Canada home prices could fall as much as 23 per cent from peak levels this year alone, as rising interest rates make current price tags increasingly unaffordable for would-be buyers, according to scenarios outlined on Thursday by Canada’s independent budgetary watchdog.
While Canada’s average resale price has fallen seven per cent from February’s peak, the gap between what homes cost and what the households can afford to pay for them has jumped sharply in the last eight months, Parliamentary Budget Officer Yves Giroux said in a report.
“This increase is attributable to higher mortgage rates, which lower household borrowing capacity,” the report said. High debt service ratios could lead to more home price declines.
The Bank of Canada has raised its policy rate by 300 basis points in just six months and warned there is more to come, sending commercial mortgage rates sharply higher. The prime rate now sits at 5.45 per cent compared with 2.45 per cent earlier this year.
Canada’s affordability gap – the difference between what a home costs and what a household can afford to pay for a home – has widened to 67 per cent from 45 per cent in December 2021, the report said.
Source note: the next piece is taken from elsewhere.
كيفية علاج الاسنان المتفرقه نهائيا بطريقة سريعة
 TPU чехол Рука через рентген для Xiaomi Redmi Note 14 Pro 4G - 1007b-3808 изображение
By comparison, the gap was 20 per cent in late 2019 and just two per cent in 2015.
Home prices surged more than 50 per cent during the pandemic and, even with the recent pullback, remain 84.6 per cent above January 2015 levels, according to data from Canada’s realtors.
Cities that posted the largest gains – like Halifax, Nova Scotia and Hamilton, Ont. – could see the biggest declines, the PBO scenarios showed, with Halifax prices down as much as 30 per cent and Hamilton losing up to 25 per cent.
The scenarios foresee price declines in all 11 major markets, though the PBO made clear they were not forecasts.
Canada’s ruling Liberal government has pledged billions to double the pace of homebuilding over the next decade and help more people buy their first home, in an effort to solve an ongoing affordability crisis.